Und by the way, Cherie Merkel war noch wendiger. Sie ließ die Abstimmung zu, obwohl sie wusste, dass der Mehrheitsstandpunkt ihrer Partei eine Schlappe erleiden würde, stimmte aber gegen die Vorlage, um sich emotional in das Lager der Entrüsteten und Besiegten zu begeben und sich mit ihnen emotional zu solidarisieren. Das war die großartigste Referenz an ihren politischen Ziehvater, der in Speyer auf seine Beisetzung wartet. Besser hätte es der Dicke nicht machen können. Never underestimate the fat guys!

Und noch etwas. Bei allem Respekt vor der Angelegenheit, die unter dem Schlagwort „Ehe für alle“ zur Debatte stand.
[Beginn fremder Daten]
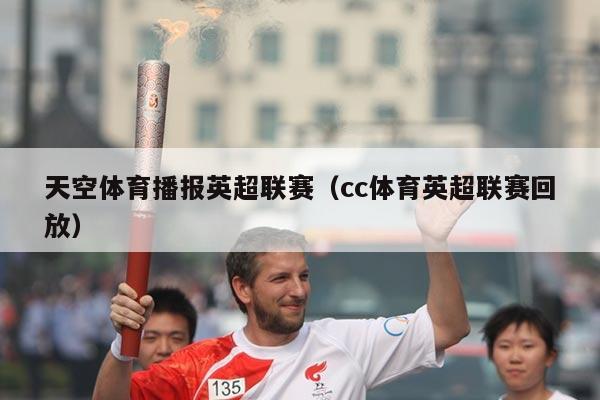 天空体育播报英超联赛（cc体育英超联赛回放）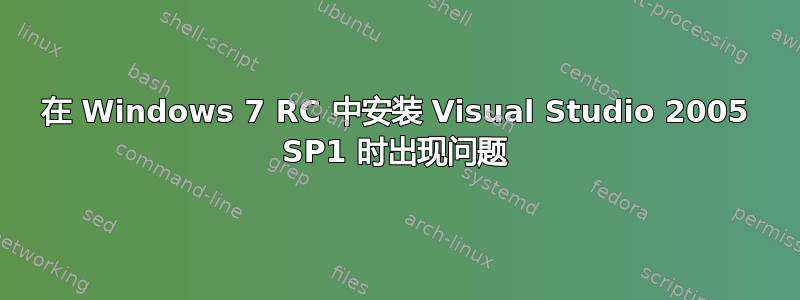 在 Windows 7 RC 中安装 Visual Studio 2005 SP1 时出现问题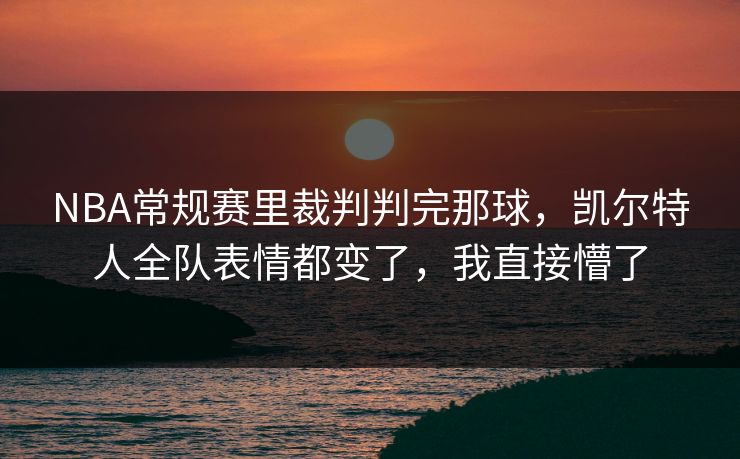 NBA常规赛里裁判判完那球，凯尔特人全队表情都变了，我直接懵了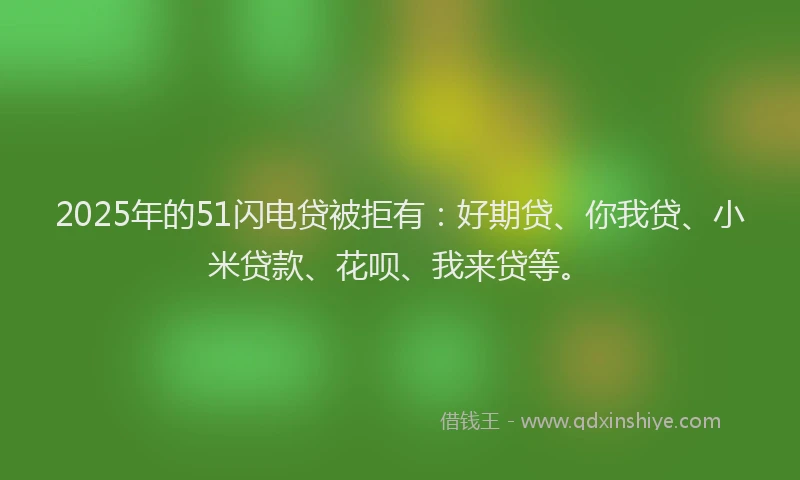 2025年的51闪电贷被拒有：好期贷、你我贷、小米贷款、花呗、我来贷等。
Die Frage hatte einen Stellenwert, der mit der maslow´schen Bedürfnispyramide nicht zu erklären ist. Ob Krieg oder Frieden, in Syrien, der Ukraine und damit auch hier, oder ob der von den USA lancierte Gaskrieg, genauer der Krieg um Gaslieferungsrechte mit Russland und damit auch hier, oder der von Sadi Arabien lancierte Gaskrireg, der Krieg um den Zugriff auf die Ressource Gas, oder die Pauperisierung Südeuropas durch Schäubles Austeritätspolitik und dem damit verbundenen Risiko einer Auflösung der EU, nichts von dem scheint in dem an Fahrt aufnehmenden Wahlkampf eine emotional gleichwertige Rolle zu spielen. Schlimmer noch, es findet nicht statt.

Und damit wäre dann wohl zumindest die spekulative Frage erlaubt: Wie ist es um ein Gemeinwesen bestellt, dass sich über Symbole so heftig zu streiten versteht, aber die existenziellen Bedrohungen gar nicht wahrnimmt?